A CIM can be calculated for each electrode-pair pattern type, by averaging the complex impedances obtained for a set of tetrapolar patterns that are geometrically similar. Figure 4 illustrates a CIM for a current source and current sink electrode-pair combination of electrode 1 and electrode 5. This CIM is referred to as CIM1524, where the subscripts refer to the current source-sink combination of electrode 1 and electrode 5, and voltage difference measured across electrode 2 and electrode 4. The subscript ‘1524’ in this case represents the CIM obtained by averaging all non-reciprocal patterns that are geometrically similar to the pattern 1524, such as pattern 2635, pattern 3746, and so on. For example, CIM1524 is calculated using the following equation:

CIM1524=Z1524+Z2635+Z3746+Z4857+Z5168+Z6271+Z7382+Z84138 (1)

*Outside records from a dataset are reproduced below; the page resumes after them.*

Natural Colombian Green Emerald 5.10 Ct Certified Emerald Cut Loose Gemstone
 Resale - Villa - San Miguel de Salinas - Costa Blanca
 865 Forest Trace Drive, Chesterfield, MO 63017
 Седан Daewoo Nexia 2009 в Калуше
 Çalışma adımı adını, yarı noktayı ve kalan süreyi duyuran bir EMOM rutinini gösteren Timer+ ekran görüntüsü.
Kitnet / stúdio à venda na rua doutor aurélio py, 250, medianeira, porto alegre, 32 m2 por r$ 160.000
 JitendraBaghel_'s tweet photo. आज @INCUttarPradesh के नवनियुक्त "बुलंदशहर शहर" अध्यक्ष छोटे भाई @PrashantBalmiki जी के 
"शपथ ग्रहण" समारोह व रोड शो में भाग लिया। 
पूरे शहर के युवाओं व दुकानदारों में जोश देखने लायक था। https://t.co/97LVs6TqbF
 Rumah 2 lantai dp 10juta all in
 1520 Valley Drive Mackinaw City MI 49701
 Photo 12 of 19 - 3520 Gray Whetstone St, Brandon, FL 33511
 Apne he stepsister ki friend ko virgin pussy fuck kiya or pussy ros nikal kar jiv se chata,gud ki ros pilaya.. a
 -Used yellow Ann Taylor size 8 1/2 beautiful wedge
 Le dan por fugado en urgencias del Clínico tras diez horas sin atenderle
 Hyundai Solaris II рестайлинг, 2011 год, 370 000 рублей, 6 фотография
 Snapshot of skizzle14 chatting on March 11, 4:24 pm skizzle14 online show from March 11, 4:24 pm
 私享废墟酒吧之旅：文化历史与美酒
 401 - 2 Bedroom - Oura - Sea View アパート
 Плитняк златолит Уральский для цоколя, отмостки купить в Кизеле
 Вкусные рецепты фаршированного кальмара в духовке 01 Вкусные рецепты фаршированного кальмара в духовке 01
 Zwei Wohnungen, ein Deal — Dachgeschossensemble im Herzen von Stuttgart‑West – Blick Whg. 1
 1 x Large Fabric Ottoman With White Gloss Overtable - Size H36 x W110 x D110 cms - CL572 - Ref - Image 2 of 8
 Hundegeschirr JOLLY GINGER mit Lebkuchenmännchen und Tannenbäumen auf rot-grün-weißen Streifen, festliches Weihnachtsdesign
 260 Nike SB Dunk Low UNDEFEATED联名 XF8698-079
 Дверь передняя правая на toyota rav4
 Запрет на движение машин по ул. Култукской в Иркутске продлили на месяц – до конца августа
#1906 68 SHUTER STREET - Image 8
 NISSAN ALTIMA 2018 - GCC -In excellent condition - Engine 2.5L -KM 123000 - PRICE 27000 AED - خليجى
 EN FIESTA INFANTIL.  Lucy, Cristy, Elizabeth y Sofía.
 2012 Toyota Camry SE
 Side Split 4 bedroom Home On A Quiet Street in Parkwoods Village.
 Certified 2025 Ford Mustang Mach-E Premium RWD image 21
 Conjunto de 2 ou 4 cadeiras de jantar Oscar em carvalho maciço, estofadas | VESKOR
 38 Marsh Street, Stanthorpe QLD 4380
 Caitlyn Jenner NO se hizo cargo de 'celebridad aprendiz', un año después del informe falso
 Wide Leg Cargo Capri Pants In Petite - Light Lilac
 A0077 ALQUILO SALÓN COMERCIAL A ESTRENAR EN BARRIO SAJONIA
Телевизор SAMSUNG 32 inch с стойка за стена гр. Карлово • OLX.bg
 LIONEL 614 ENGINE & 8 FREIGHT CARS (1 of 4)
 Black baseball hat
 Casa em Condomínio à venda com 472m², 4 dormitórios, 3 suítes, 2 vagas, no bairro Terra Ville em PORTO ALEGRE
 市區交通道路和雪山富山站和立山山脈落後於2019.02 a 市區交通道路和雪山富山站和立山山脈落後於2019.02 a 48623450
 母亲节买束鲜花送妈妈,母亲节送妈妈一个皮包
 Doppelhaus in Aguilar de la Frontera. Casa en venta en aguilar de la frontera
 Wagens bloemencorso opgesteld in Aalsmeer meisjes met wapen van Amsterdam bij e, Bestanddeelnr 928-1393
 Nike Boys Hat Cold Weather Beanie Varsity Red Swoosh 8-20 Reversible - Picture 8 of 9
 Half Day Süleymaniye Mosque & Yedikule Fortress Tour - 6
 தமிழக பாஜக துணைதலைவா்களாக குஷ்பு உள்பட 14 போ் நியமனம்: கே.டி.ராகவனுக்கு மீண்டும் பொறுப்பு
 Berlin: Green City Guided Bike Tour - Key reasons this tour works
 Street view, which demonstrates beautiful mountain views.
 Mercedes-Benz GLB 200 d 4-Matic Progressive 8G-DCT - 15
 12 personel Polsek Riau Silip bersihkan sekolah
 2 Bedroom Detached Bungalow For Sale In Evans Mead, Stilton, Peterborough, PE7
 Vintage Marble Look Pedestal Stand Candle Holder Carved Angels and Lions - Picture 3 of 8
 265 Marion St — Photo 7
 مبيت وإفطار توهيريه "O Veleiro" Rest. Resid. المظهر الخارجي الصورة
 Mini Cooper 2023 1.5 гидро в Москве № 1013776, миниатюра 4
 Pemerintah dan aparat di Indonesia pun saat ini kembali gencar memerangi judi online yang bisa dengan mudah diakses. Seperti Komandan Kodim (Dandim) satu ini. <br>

where Zijkl represent the complex-valued impedance computed when current is injected through electrode i and sunk through electrode l, and a voltage difference is measured between electrode j and k.

Fig. 4.

Fig. 4

Illustration to show the patterns used for computing CIM1524, which is an average of 8 impedances values as shown in the figure. The 8 impedances values used are: Z1524, Z2635, Z3746, Z4857, Z5168, Z6271, Z7382, Z8413. Notice that the subscript ‘1524’ in CIM1524 is only used as an index to represent an average of data acquired for the 8 patterns shown here. These 8 patterns are ‘corresponding’ in the sense that each pattern is a rotated version of pattern 1524 (current applied through electrodes 1 and 5, and potential difference sensed across electrodes 2 and 4).

The CIMs can be used as features for classification algorithms; to create a feature set for classification, multiple complex-valued CIMs were computed at each signal frequency for probed sites on the exterior and interior surface of the prostate.

III. Results and Analysis

A. Exterior Measurements

Impedance data collected on the exterior surface of the prostate was grouped according to their location, i.e., apex, base and lateral surface. The apex, base and right and left lateral surface of the prostate were probed four, one and three times each (base, mid and apex), as shown in Fig. 3b. CIMs were computed for each probed site at all frequencies, and were averaged together according to their location on the prostate (i.e. apex, base, or lateral aspects). For one out of the 14 patients, impedance data on the exterior surface could not be collected due to a delay in acquiring the prostate specimen from the operating room. Overall, there were 13, 78, and 52 CIM data points recorded from the base, lateral surface, and apex, respectively. The CIM data for these impedance measurement types (by location) were averaged to calculate the mean CIM spectra (Fig. 5). The noise power metric returned by EIA system at the source electrode was used to filter out unreliable measurements. Since the mean CIM is a complex quantity, we can calculate the associated resistance (R), reactance (X), magnitude (|Z|), and phase (ϕ) components of CIM, as the real, imaginary, magnitude, and angle component of CIM, respectively. Figure 5 shows the R, X, |Z|, ϕ spectra of mean CIM1524 corresponding to the apex, base and lateral surface measurements over the signal frequency range (1kHz – 1MHz).

Fig. 5.

Fig. 5

CIM1524 plots show resistance (top left), reactance (top right), magnitude (bottom left), and phase (bottom right) spectra for apex, base and lateral surface measurements. Differences in CIM properties can be observed.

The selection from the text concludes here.